Atlantic Drone t-shirt design

Wanted to share the design Steven Cerio created for the Atlantic Drone, “A Vivified Sugar Cube Explains the Universe” t-shirts.
Really excited about it. Thanks Cerio!

Photobucket

From Aural Innovations (January 2008)

Reviewed by Jerry Kranitz
Atlantic Drone - s/t 
(Noiseville 2007, CD)
 ….


Atlantic Drone are based in upstate New York and consists of the duo of Steven Cerio and Jim Drago (plus various guests), who have released one of the best space-psych-krautrock-progressive albums of 2007. Among the highlights is “Little Miss Expanding Universe”. Simultaneously dreamy and rocking, it’s a completely mind boggling synthesis of ambient surf waves, off-kilter power percussion, metallic power chords, and a banquet of other groovy happenings. “Moth Activity” opens with potently acidic psychedelic guitars and heavy tribal drumming. But the music soon settles into a calmer groove and throughout its 8 minutes weaves a path that is calm and melodic, yet always intensely on-the-edge, even in its quietest moments. Simple yet luscious trip guitar melodies combine with trumpets and heavy organ on “For Arizona”, to create a dark, droning, stoned psychedelic march. “Mary Pickford Waking Up In A Burning Barn” is one of the most high energy space rockers of the set. Like King Crimson dropping a shitload of acid and blasting off into the space-prog cosmos. This sucker will FRY your brain! And “Sunshine On Softserve” is a psychedelic blend of deep space atmospherics, Eastern influenced ragas, wandering psych guitar solos and bits of free-jazz. Nearly 10 minutes of meditative bliss.

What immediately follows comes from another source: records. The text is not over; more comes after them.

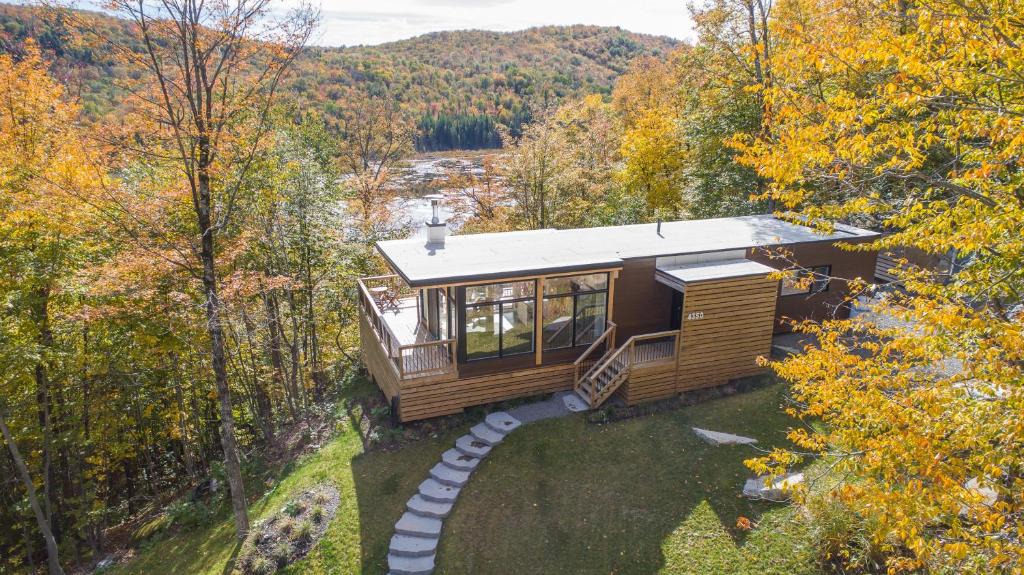 Les Pays-d'en-Haut Regional County Municipality House | Modern Chalet with Mountain and Lake view by Reserver.ca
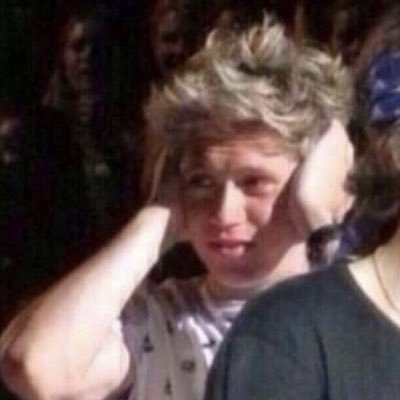 diallage__'s profile picture. hi I’m dia and welcome to the show || OT5 and solos || seeing Zayn, Louis, 5SOS 🔜‼️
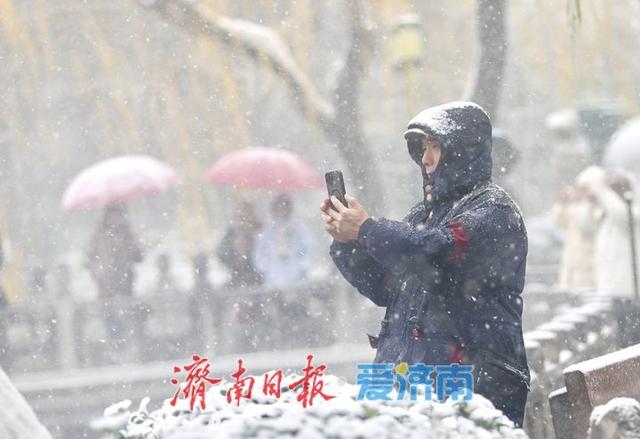 一年四季 泉在济南丨济南初雪如约而至，尽享冬日浪漫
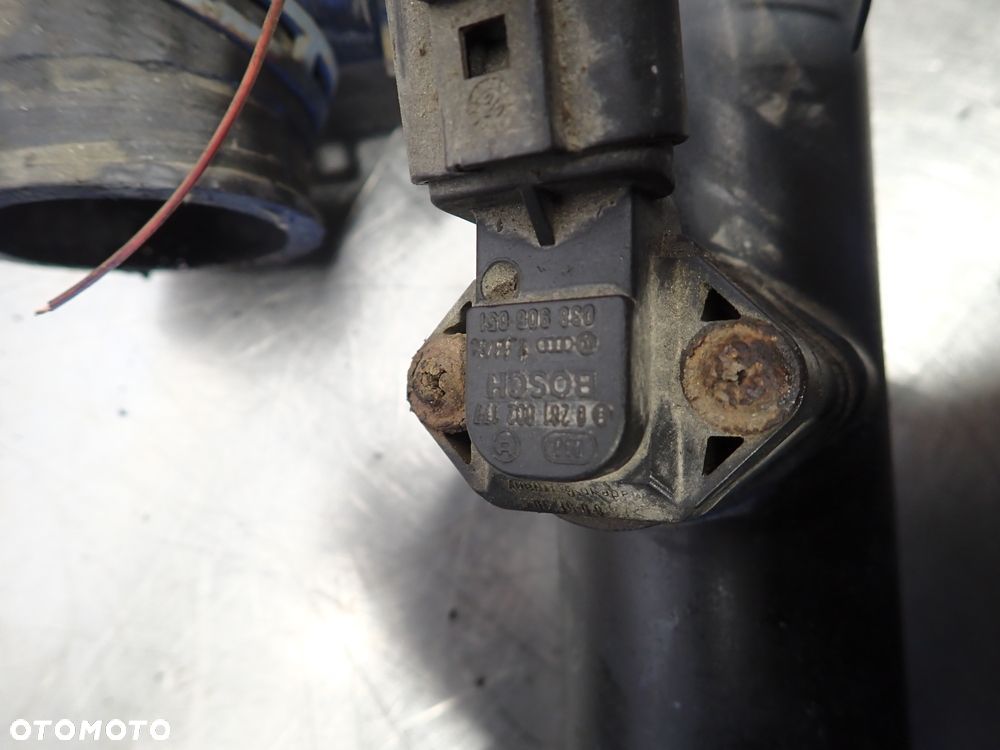 PRZEWÓD POWIETRZA VOLKSWAGEN T4 2.5 TDI 7D0145958D    038906051 - 1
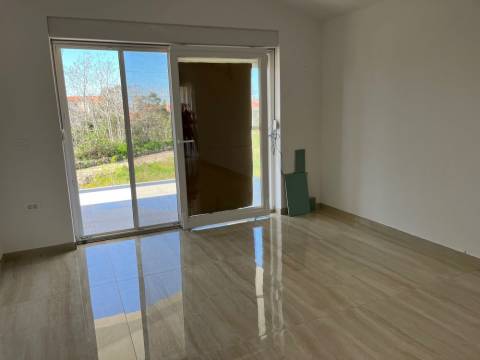 Vir, atraktivan apartman, novogradnja u strogom centru 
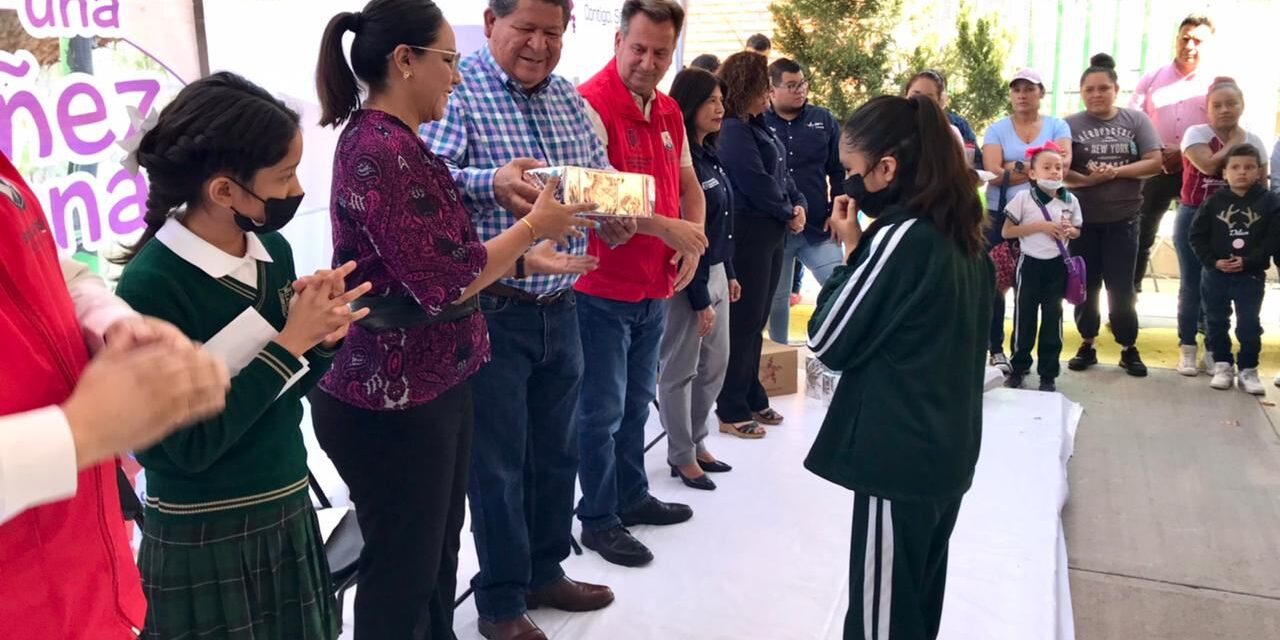 DIF Municipal entrega kits alimentarios del programa “Sí por una niñez sana” en Villa de Pozos
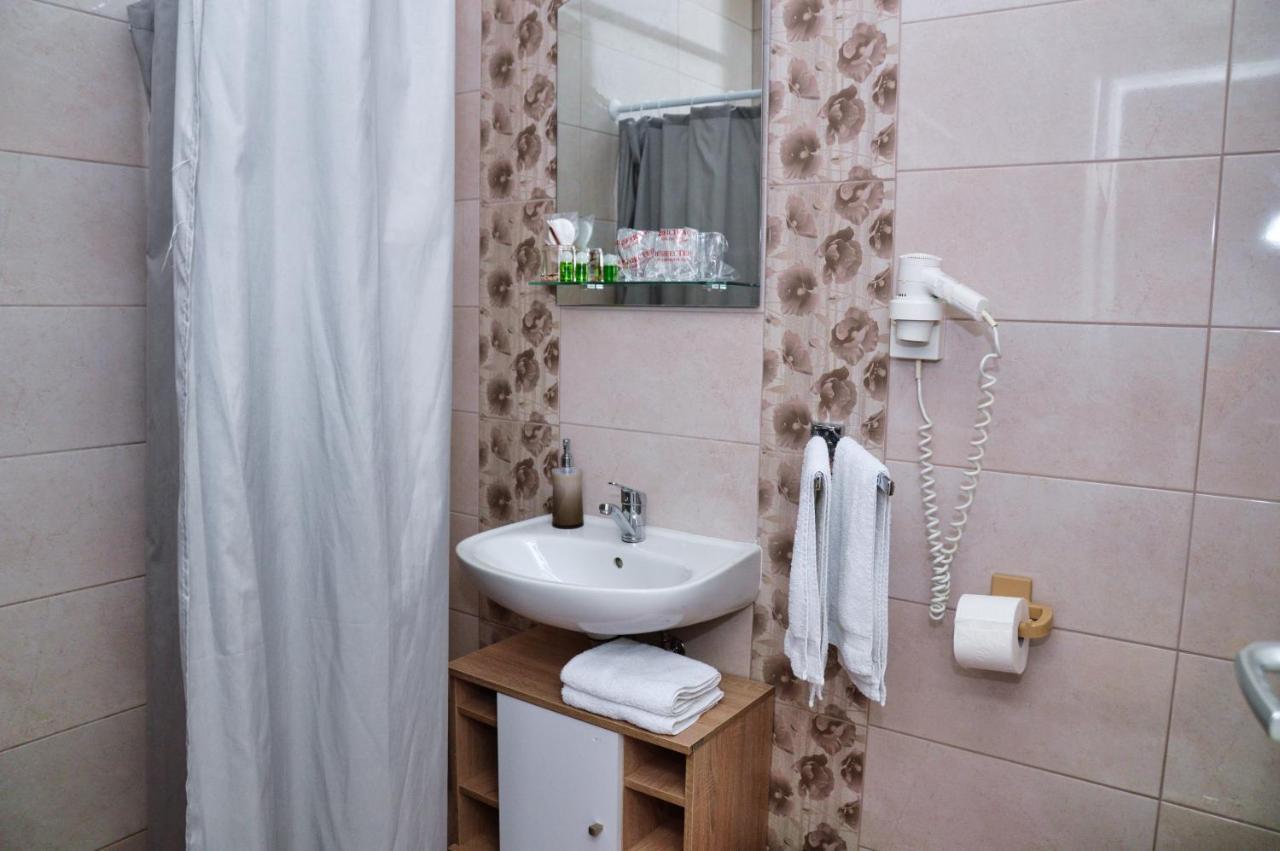 Guesthouse Marivo ヤイツェ エクステリア 写真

There’s so much going on across the 13 tracks on this album that it defies simple description. There are stand alone tracks, but overall it’s a collage of sounds, melodies, guitars, keyboards, percussion, electronics, efx’d voices, ambience, jazz elements and so much more, that all come together into a gorgeously bizarre yet completely cohesive whole. I’ve not heard so many elements smashed together in such an artistically freaky way since Vas Deferens Organization’s heyday. In summary, this is one of the most lysergic, mind-bending, yet creatively controlled and varied albums I’ve heard this year. Definitely the more progressive side of the space-psych axis.